The question arises how to generate a stemma or tree from a set of versions. Many of the phylogenetic approaches use a distance matrix: a table that describes how different each version is from every other version. Since in an MVD all the bits of text that are shared by versions and the bits that are different have already been computed, making a distance matrix is easy. The distance matrix for the four versions/layers of Abed Ben Haroun by Charles Harpur looks like this:


Obviously the edit-distance between each version with itself is 0, which explains the diagonal of zeros in the table. The larger the number the more 'distant' it is from the other version. So here the biggest difference is between versions C and D. Of the other values only half are needed, since the distance between versions A and D is the same as the distance between D and A. But the format is traditional, and can be fed into a tree-drawing algorithm. There are many of these but one of the best distance-based methods is neighbour-join. The version I chose is a refinement of that technique published some years ago by Desper and Gascuel called 'FastME'. The tree-view is provided by the 'drawgram' program in the Phylip package, which allows different visualisations of rooted trees, since these represent most closely the humanist's stemma.

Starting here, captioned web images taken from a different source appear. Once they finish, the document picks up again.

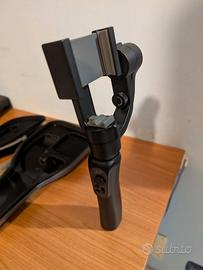 Gimbal Zhiyun Smooth Q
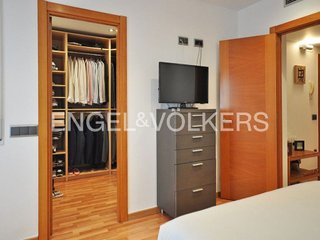 Casa pareada en venta en Vilafortuny - Cap de Sant Pere en Cambrils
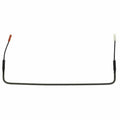 ERP 242044020 for Electrolux Frigidaire Refrigerator Defrost Heater
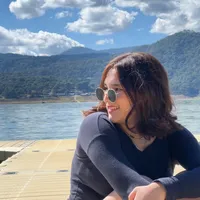 Skins x Latch x 7 Years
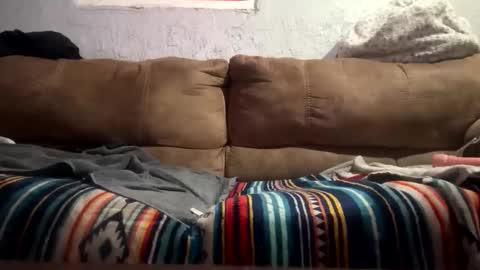 idontstop4cops2 online show from 02.18.26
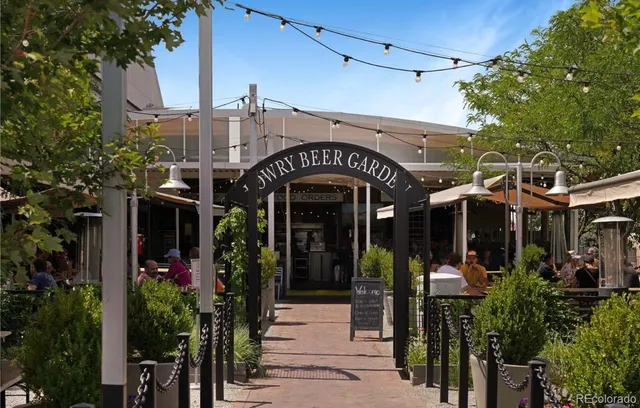 $665,000 | 366 Dallas Street, Denver, CO 80230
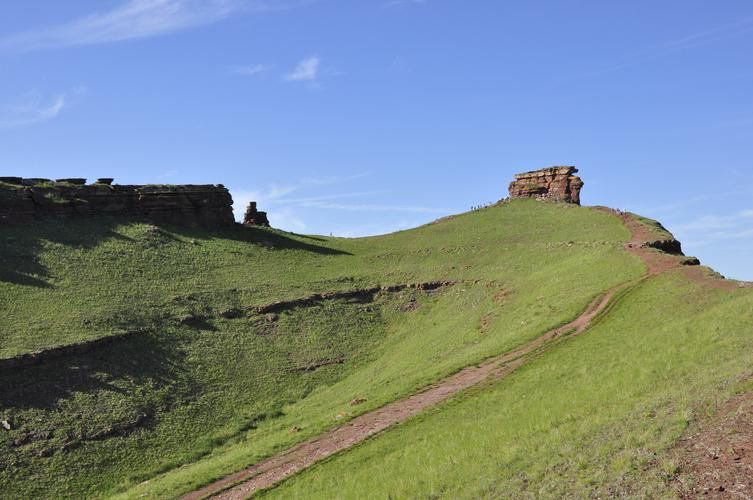 От небоскрёбов Астаны — к духу Алматы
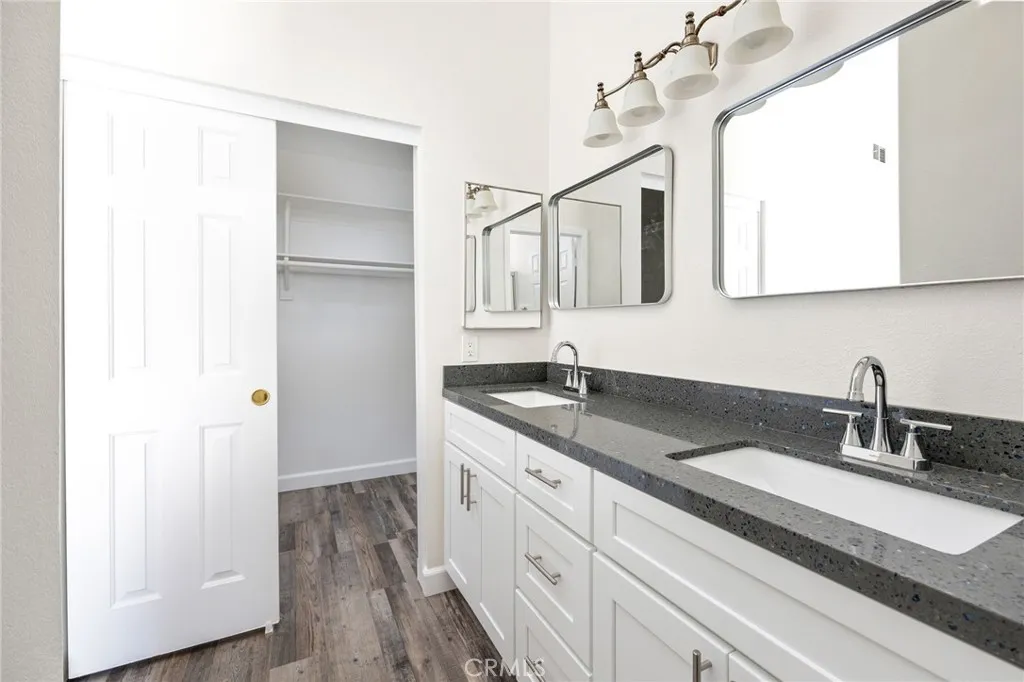 42809 Acacia, Hemet, California 92544 home-pic-28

Stemmatic trees are useful even in cases where all the sources are written by the same person. What it shows in this case is which version derived from which – something that would require a lot of manual labour to discover. Often it is unclear in a collection of manuscript versions exactly which preceded which, but a phylogenetic tree makes this easy. Here's an example of Harpur's The Creek of the Four Graves. The h-numbers indicate physical versions and the internal layers are the bit added to the name introduced by a /.

How to make them

It is only really possible to make these trees from within Ecdosis. A back-end Java Web-service called Tree reads the MVD from the database and computes the distance matrix. It then builds the tree and streams it back to the Web-browser directly as an image. The controls at the bottom of the screen are contained in a JQuery module wrapped up as a Drupal module, which now form part of the Ecdosis-front collection. It is called 'tree'. There are some examples on the Charles Harpur site. Many of the 700 poems have more than one version so you should be able to select other poems from the Browse menu.

Thursday, 14 January 2016

Multi-version documents and standoff properties

I have written two new papers for Digital Scholarship in the Humanities on 'standoff properties as an alternative to XML', and a second on 'Automating textual variation with multi-version documents'. Together they form the basis of a model of how I think historical documents should be encoded. The now 25 year old drive for 'standardisation' has led to something of a dead-end: people have begun to realise that it is not in fact possible to standardise the encoding of documents written on analogue media. Instead of reusability, sharability and durability, such 'standards' provide only a fertile ground for embedding private technology and interpretations into texts that cannot then be reused for any other purpose. 'Standard' encoding also fails to propose a usable solution to textual variation, which is the one feature that all historical documents share. Rather than attempting to create a new standard, this model reuses existing formats already in use worldwide: HTML, CSS, RDFa, Unicode. Although the model can be fully expressed in these formats its internal representation predisposes the data into a form that facilitates the things that digital humanists want to do with it, rather than throwing up barriers to its processing and reuse. What is needed is something simple that works. This is my attempt to explain how that can be achieved.